MAMA XI 211 (Axylon)
Funerary inscription in verse for Eulalios and Basilissa
- Type of monument:
- Funerary inscription in verse.
- Location:
- Azak (Hodoğlu) (Axylon): not recorded.
- Description:
- White marble slab with plain mouldings; inscription in panel. Broken above.
- Dimensions:
- Ht. 0.52+; W. 0.73; Th. 0.20; letters 0.015-0.040.
- Record:
- Squeeze; WMC notebook copy; photograph (1954/75).
- Publication:
- W. M. Calder, MAMA VII xxiii (text only); (Merkelbach and Stauber 2001: 14/02/13).
- Date:
- Fourth or fifth century AD.
. . Α̣ γ̣ύη κατέχι . . .
ΕΣΘΙΟΝ ἄνδρα κρά-
τιστον, Εὐλάλιον Κρα-
τέρ⟨ου⟩ σὺν συνβίῳ Βασι-
5λίσσῃ· τῶν δ᾿ αὖ τύν-
βον ἔδιμεν υἱὸς φ̣ίλ[ο]ς
ὃν ποθέεσκον, τοὔνο-
με Εὐγράφιος, εἱ-
ερεὺς θεοῦ ἀθανά-
10του.
Lines 1-2: [. . . πολυ]|εσθιον Calder; [εὐ]|έσθιον (i.e. εὐέστιον) or [πολύ]|εσθ⟨λ⟩ον Merkelbach and Stauber.
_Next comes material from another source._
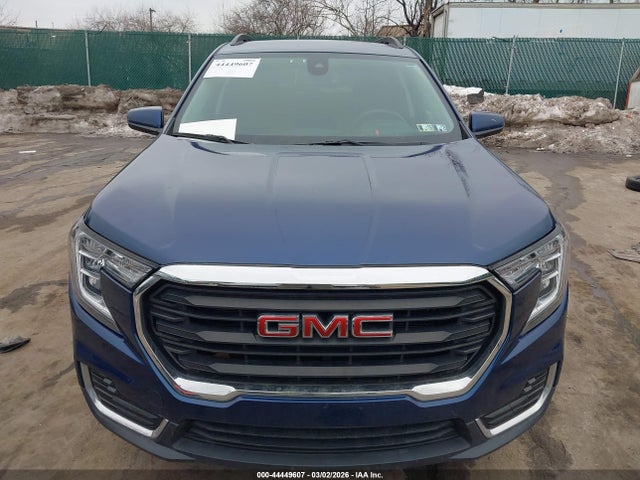 GMC Terrain Fwd Sle 2022 3GKALMEVXNL140529 Image 6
Line 6: υἱὸς ⟨φίλος⟩ Calder.
...earth holds... an excellent man, Eulalios son of Krateros, with his wife Basilissa. Their tomb was constructed by their dear son, whom they loved; his name is Eugraphios, priest of the immortal god.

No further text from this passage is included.